Why We All Need A Secret Garden
I ran through thickets and jumped over rocks lining the green pond to solve my problems as a child. When a boy I had a crush on called me four-eyes, I vented my rage and pain by swerving around the horse hoofprints in the mud. When my best friends gossipped about me, I caught and befriended frogs. When my father spoke cruelly to me, I walked up and down the causeway my mother had created for me between the pond and the river, pretending I was a wild horse.
I often tell people that I grew up in the woods. I lived on a dirt road on a river, surrounded by trees on every side. When I had friends over, we rarely played with dolls inside—instead, we made up stories as we ran through the horse and deer paths in the woods. My greatest memories are contained in those trees, at the top of the boulders, and within the rosy bramble.

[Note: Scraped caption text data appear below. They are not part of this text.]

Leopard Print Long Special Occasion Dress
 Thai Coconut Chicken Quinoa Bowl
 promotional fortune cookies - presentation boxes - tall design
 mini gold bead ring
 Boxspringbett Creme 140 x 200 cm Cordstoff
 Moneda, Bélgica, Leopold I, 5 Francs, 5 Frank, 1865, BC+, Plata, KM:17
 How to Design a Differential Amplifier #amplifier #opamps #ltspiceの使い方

When I met Mary Lennox in Frances Hodgeson Burnett’s The Secret Garden, I knew I had met a kindred spirit. My mother worked hard and raised me like the maid Martha Sowerby did for Mary, and my father was something akin to the gardener Ben Weatherstaff, though not nearly as friendly. Though I didn’t live in a great manor with hundreds of doors like Mary, I did live in seclusion. I learned early on how to play by myself, and I found great joy wandering my mother’s bright flower beds and befriending any animals that would listen to me.